_DATA EXTRACT_.
+---+
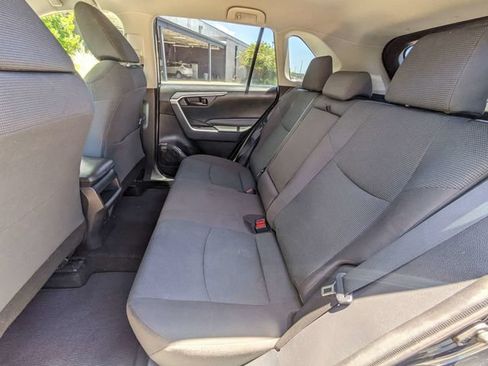 Used 2021 Toyota RAV4 LE w/ Carpet Mat Package (TMS) FWD image 15
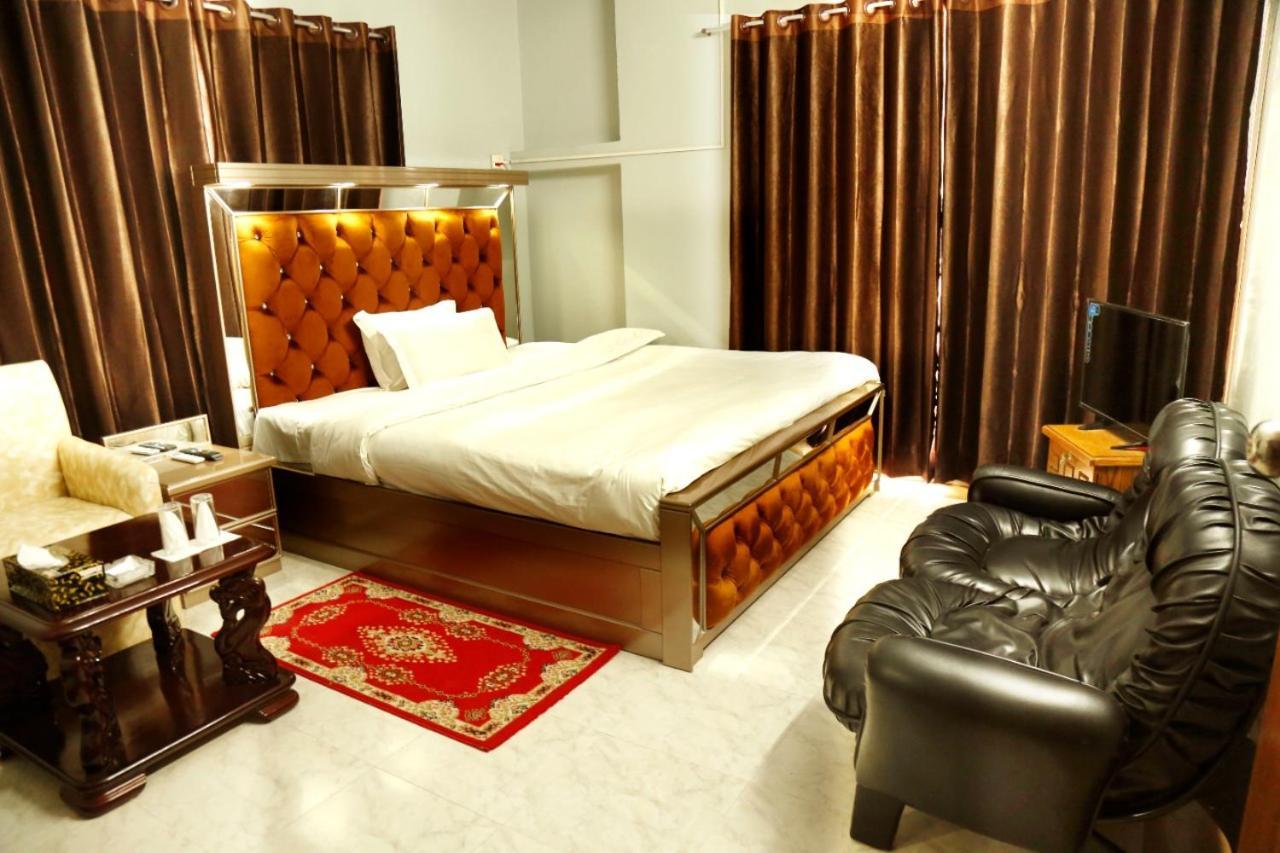 Hotel Blue Bird Dhaka Ruang foto
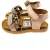Develab 48522 sandalen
+---+
_ACTIVITY_.
Could you output the listing word for word, omitting every picture?

_ANSWER SPACE_.
 Used 2021 Toyota RAV4 LE w/ Carpet Mat Package (TMS) FWD image 15
 Hotel Blue Bird Dhaka Ruang foto
Develab 48522 sandalen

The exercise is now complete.